It’s more likely that Bogaerts, or his agent, Scott Boras, hasn’t set a price. Setting a reasonable bar could entice the Red Sox to work fast to wrap up a deal rather than allowing Boras to create a bidding war. It’s in the best interest of the player and his agent to let clubs compete on the open market rather than do their job for them by telling them what it would take to sign Bogaerts.

There have been rumors that Bogaerts is willing to give the Red Sox an opportunity to match any offer he receives. If that’s true, it makes sense for the Red Sox to sit back and let the market determine his value. Why risk bidding against themselves with an offer that might exceed what anyone else is willing to pay him?

If the Red Sox made a “competitive offer,” Boras would undoubtedly shop it to other interested suitors to further drive up the price.

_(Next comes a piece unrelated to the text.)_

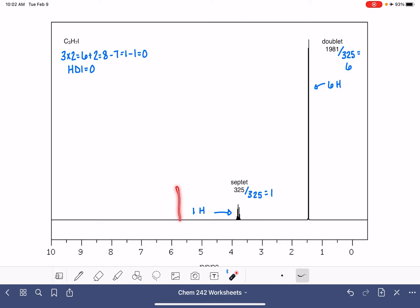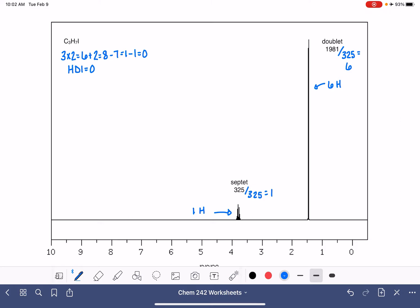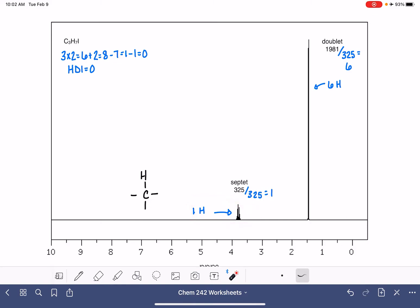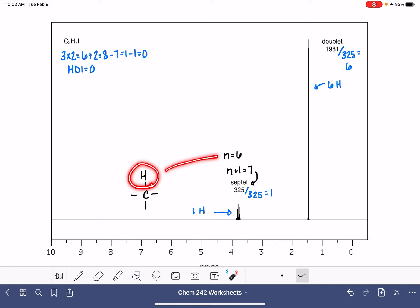Now we're going to try to draw a fragment consistent with the integral of one hydrogen and the splitting, which is a septet. So I'm going to begin by drawing the one hydrogen. That one hydrogen means we have one hydrogen atom with no other equivalent hydrogen atoms. On the carbon atom holding this hydrogen, there are no other hydrogens attached. This fragment corresponds to this hydrogen. Now this hydrogen is split into a septet, so n plus 1 equals 7, meaning n equals 6. For this hydrogen atom, n is 6.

Bloom is showing he’s not willing to play Boras’ games, preferring to let other clubs do the bidding knowing he has the advantage of matching any reasonable deal.

This speculation is all under the assumption that Boston does indeed have the opportunity to match the best offer. It’s a risky game for Bloom to play unless he’s been given assurances from Bogaerts. His inaction suggests that Bloom is confident that his team remains in position to strike with an offer once the market decides what Bogaerts is worth.

It’s important to note that while the Red Sox haven’t made a compelling offer, there aren’t any reports suggesting other teams have either. Complicating matters is that Bogaerts is one of four star shortstops in this free-agent class. Some teams that have prioritized one of the other shortstops might consider Bogaerts a fallback plan. It’s in Xander’s best interest to see which of them might jump into the sweepstakes for his services once other options are crossed off the board. We might need other dominoes to fall before Bogaerts is ready to make a decision.

Did the Red Sox screw this up? Of course, when you consider that they could have avoided this scenario by presenting a reasonable offer last spring to lock in an extension before he opted out of his previous contract. Is it fixable? Of course, as long as they are willing to pay up.

It’s going to cost the Red Sox a lot more than it would have if they hashed out a deal earlier but there’s still a realistic scenario that leads to Bogaerts returning to Boston. Bloom can’t possibly be sitting idle as he allows his star shortstop to walk away without putting in a legitimate offer. His patience is all a part of his negotiating plan. It has to be. Nothing else makes sense.